** Opening Data section block **
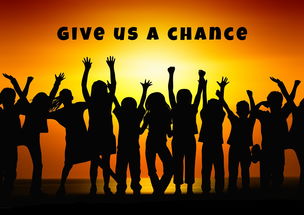 中国九游体育-法甲新秀崛起：未来之星尽展锋芒！，法甲新赛季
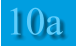 10a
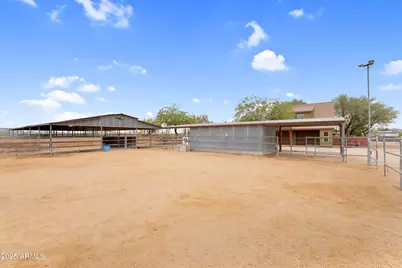 37044 N 7th Avenue, Phoenix, AZ 85086 - Photo 7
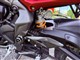 Billede af Triumph Street Triple 765 765 RS 123HK 6g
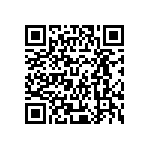 XPEAMB-L1-0000-00801 QRCode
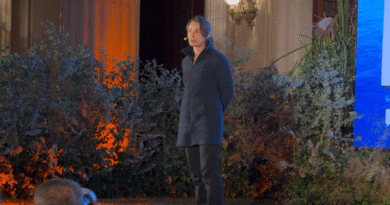 Summitul schimbărilor climatice 2025: soluții pentru sănătatea planetei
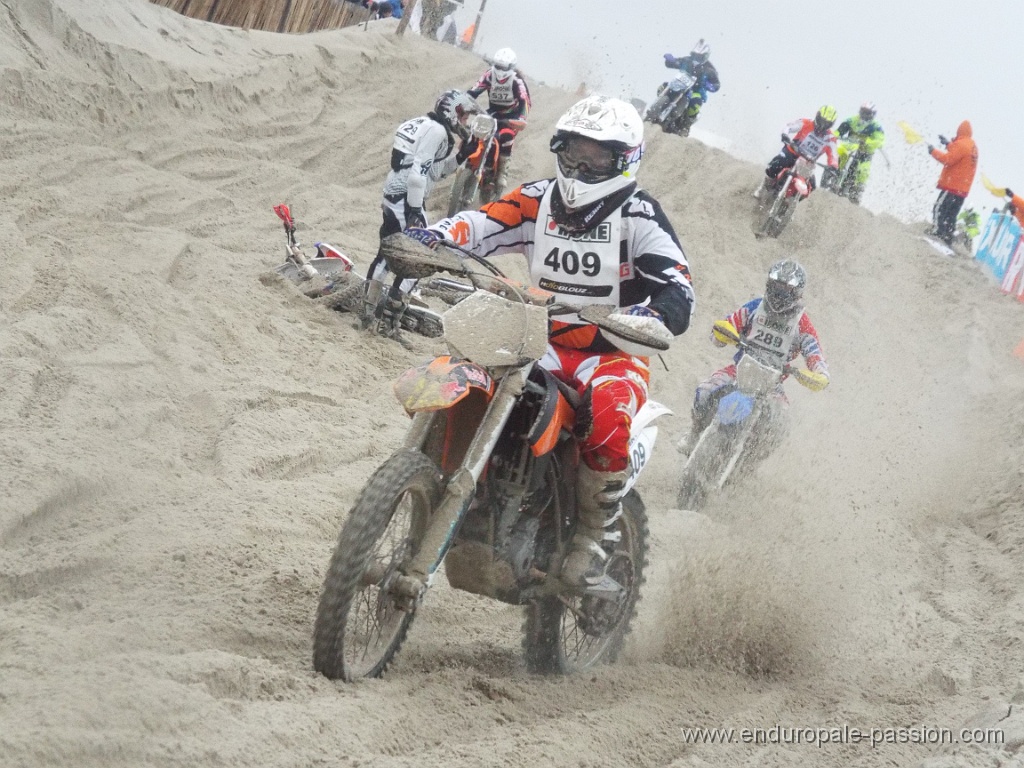 enduro-touquet-2016 (250).JPG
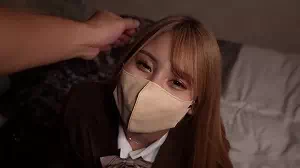 着衣セックス画像_01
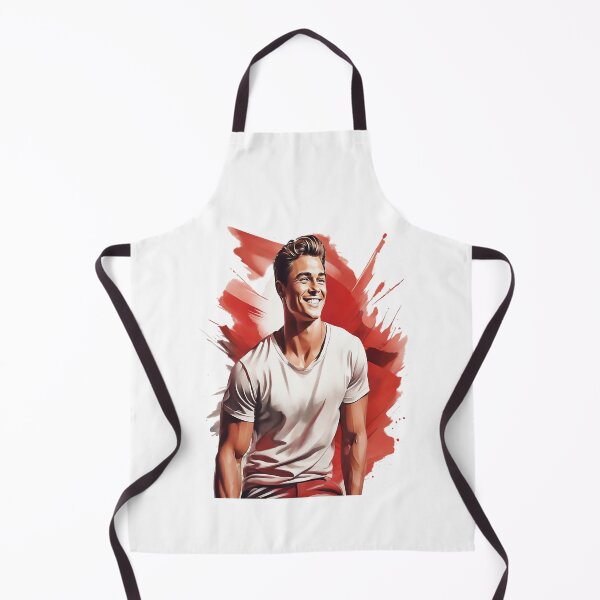 Item preview, Agility training designed and sold by Impact-Art.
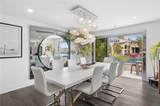500 Harbor Island Drive - Photo 15
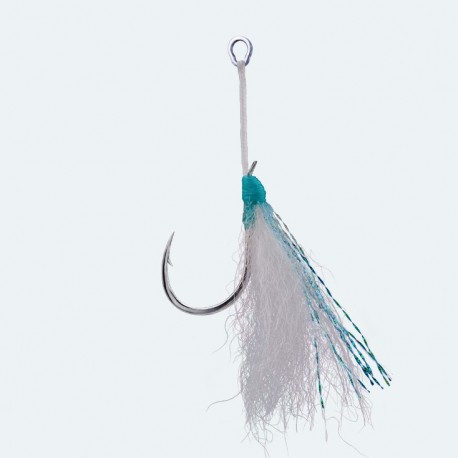 CARLIGE BKK LONE FIGHTER+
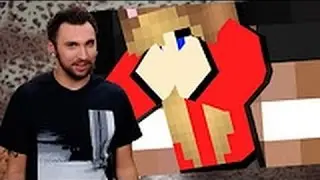 +100500 ЯРики Лапа - КТО У МЕНЯ ЗА СПИНОЙ - LOST #30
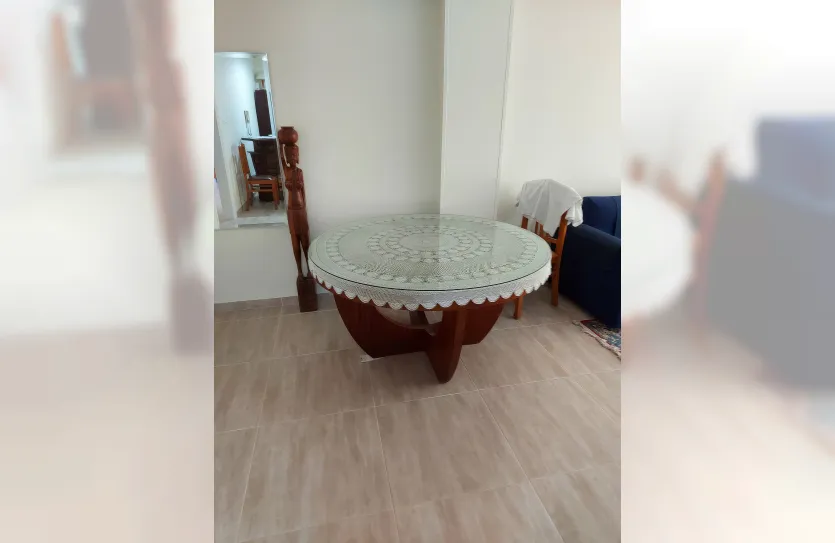 3 bedroom apartment - 15729, photo 2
** Closing Data section block **
Task:
Give back only the lines from the one that carries "Item preview, Agility" through the final line above, both included. Drop all pictures.

Task output:
 Item preview, Agility training designed and sold by Impact-Art.
500 Harbor Island Drive - Photo 15
 CARLIGE BKK LONE FIGHTER+
 +100500 ЯРики Лапа - КТО У МЕНЯ ЗА СПИНОЙ - LOST #30
 3 bedroom apartment - 15729, photo 2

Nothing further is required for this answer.